Tag 6 der Synode, Sonntag, der 8. Oktober:
Morgens weiß ich noch nichts von dem Sturm, den die Presseveröffentlichungen der Entscheidung bezüglich des Nihil obstat für Ansgar Wucherpfennig auslösen werden. Und so ist nach einer Woche am Sonntagmittag endlich mal Zeit, einen ausgiebigen Spaziergang durch Rom zu unternehmen. Abends bekommen wir in unserer BDKJ-WG noch Besuch von österreichischen Freunden und essen gemeinsam. Mittags Pizza, abends Pasta, dazwischen ein Eis – mehr italienisches Klischee geht an diesem Sonntag nicht.
Themenseite: Jugendsynode
Was beschäftigt junge Menschen heute? Woran glauben sie? Und wie kann die Kirche sie bei einem gelingenden (Glaubens-) Leben unterstützen? Darüber diskutieren die Bischöfe bei ihrer weltweiten Synode vom 3. bis 28. Oktober 2018 im Vatikan.Am späten Abend ist es dann mit der Ruhe vorbei. Als uns die Information erreicht, dass Wucherpfennig die weitere Ausstellung des Nihil obstat verweigert wird, ist für uns sofort klar, dass wir Stellung nehmen müssen. Denn dass eine solche Entscheidung Auswirkungen auf den Lehrbetrieb an den theologischen Fakultäten und Hochschulen in Deutschland hat, ist nicht zu bestreiten. Studierende, Dozierende, pastorale Mitarbeiter – ihnen allen wird deutlich gemacht: Deine eigene Haltung zählt in diesen Fragen nicht, und sei sie auch wissenschaftlich fundiert. Das ist ein fatales Signal an junge Menschen, die von ihrer Kirche Offenheit und Diskussionsbereitschaft erwarten.
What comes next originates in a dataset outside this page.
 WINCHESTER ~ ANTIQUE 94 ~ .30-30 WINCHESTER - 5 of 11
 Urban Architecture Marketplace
Viele von ihnen verfolgen die Berichte zur Jugendsynode. Hier wird eine offene Sprache gepflegt. Menschen mit unterschiedlichen Haltungen diskutieren respektvoll miteinander. Wer erklärt, in gewissen Punkten die Lehre weiterentwickeln zu wollen, wird nicht abgekanzelt, sondern für seine Ehrlichkeit gelobt.
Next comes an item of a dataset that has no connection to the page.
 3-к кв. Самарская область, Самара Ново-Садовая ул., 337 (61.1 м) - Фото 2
Tag 7 der Synode, Montag, der 9. Oktober:
Zunächst beschäftigen wir uns mit der Fertigstellung und Veröffentlichung des Pressestatements von Thomas. Danach diskutieren wir in der BDKJ-WG über einzelne Punkte des ersten Teils, um das Arbeitsdokuments um eine Perspektive zu ergänzen. Am Nachmittag treffe ich mich nochmals mit Teilen einer Gruppe aus Wien, die sich für die Arbeit des BDKJ interessiert.
Tag 8 der Synode, Dienstag, der 10. Oktober:
Heute werden die Statements, die die Ergebnisse der einzelnen Sprachgruppen zusammenfassen, in der Synodenaula verlesen und veröffentlicht. Spürbar wird: Es gibt Bewegung! Die Synodenteilnehmer nehmen bei den Themen, die sie in ihrer Gruppe diskutiert haben, kein Blatt vor den Mund und sprechen deutlich über sexualisierte Gewalt, die Digitalisierung, junge Geflüchtete, Begleitung für junge Menschen oder die zu negative Sprache des Arbeitsdokuments. Zwar ist einigen Dokumenten anzumerken, dass das alleinige "Erkennen" schwerfällt und hier und da schon eine "Interpretation" und möglichweise gar eine "Wahl" vorgenommen werden soll. Dennoch: In den Sprachgruppen hat man sich gegenseitig zugehört und unterschiedliche Meinungen ausgetauscht. Außerdem zeugen die Dokumente von einer großen Motivation, in diesem Oktober gemeinsam etwas voranzubringen. Ich bin ehrlich: Mit so viel Mut, mit so viel Lust am Gestalten hatte ich – vor allem schon in der ersten Woche – nicht gerechnet. Umso schöner, positiv überrascht zu werden!